> **Data**:

------------------------------------------------------------------------

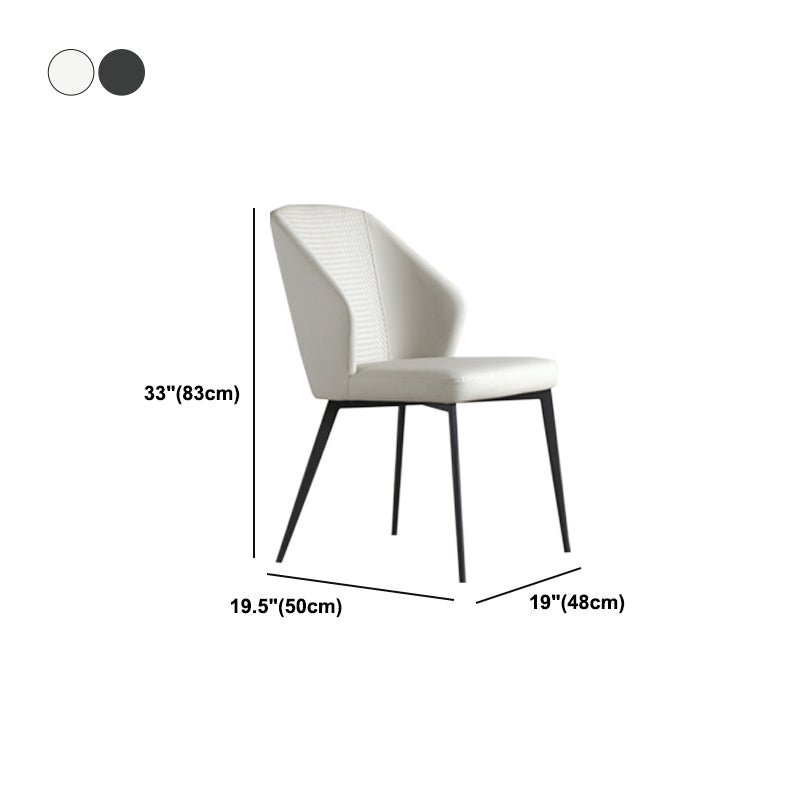 Minimalist Leather Dining Chairs Solid Back Armless Dining Chair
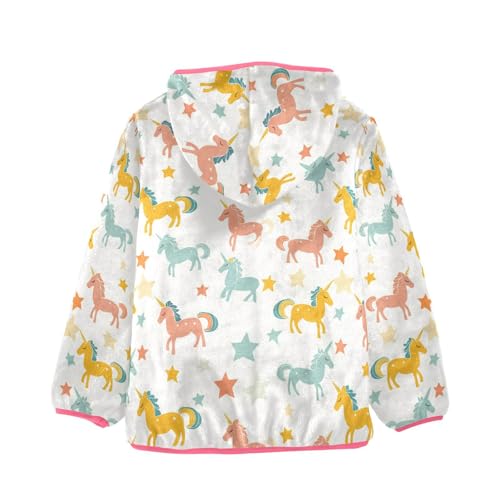 Cartoon Unicorn Star Girls Fleece Jacket Girls Fall Jacket Girl Coats Zip Up Hoodie Children Sherpa Warm Outerwear 2-10T2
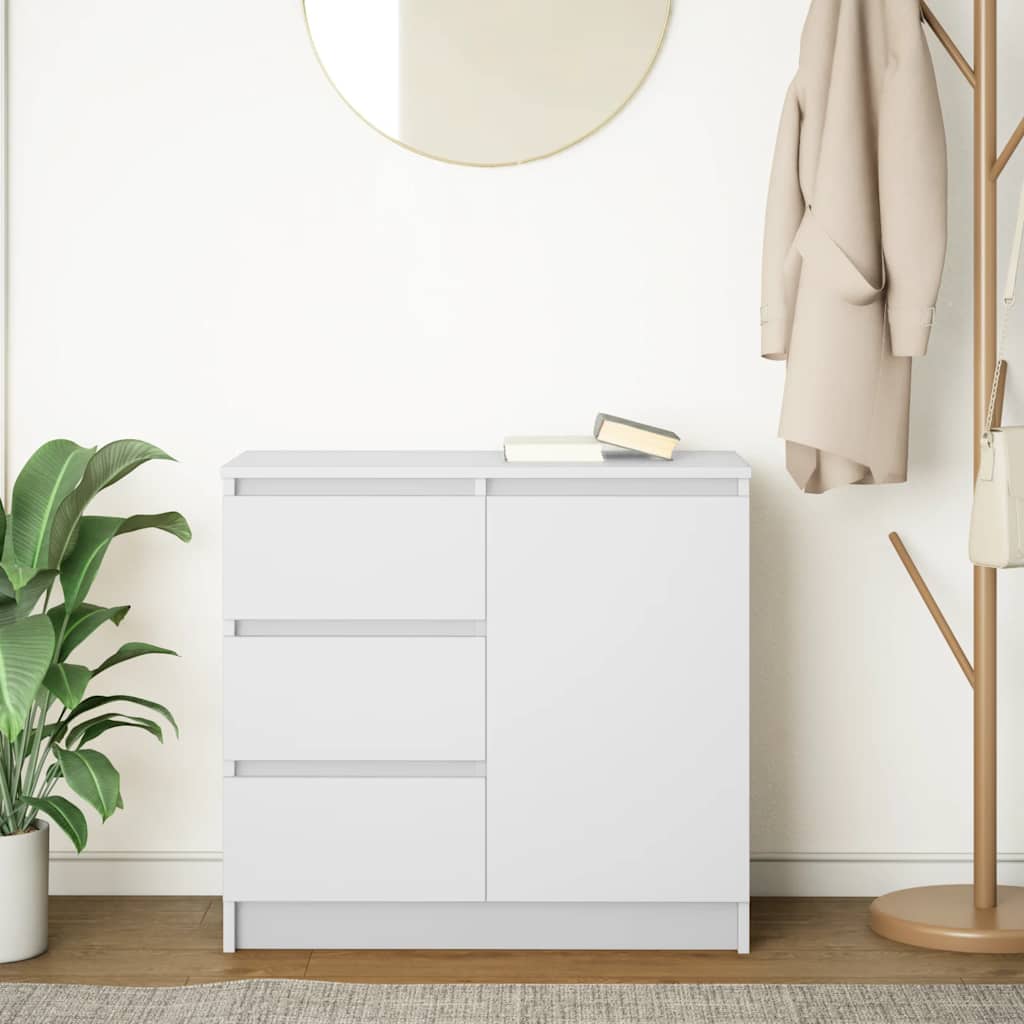 Komoda s ladicama bijela 71x35x84 cm konstruirano drvo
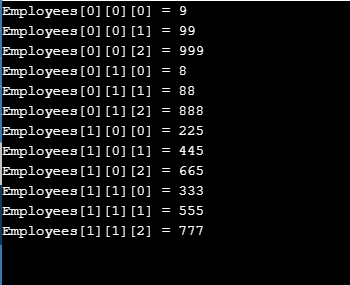 multidimensional array in c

------------------------------------------------------------------------

> **Directions**:
Please return the full listing exactly as given, with the images left out.

> **Answer box**:
 Minimalist Leather Dining Chairs Solid Back Armless Dining Chair
 Cartoon Unicorn Star Girls Fleece Jacket Girls Fall Jacket Girl Coats Zip Up Hoodie Children Sherpa Warm Outerwear 2-10T2
 Komoda s ladicama bijela 71x35x84 cm konstruirano drvo
 multidimensional array in c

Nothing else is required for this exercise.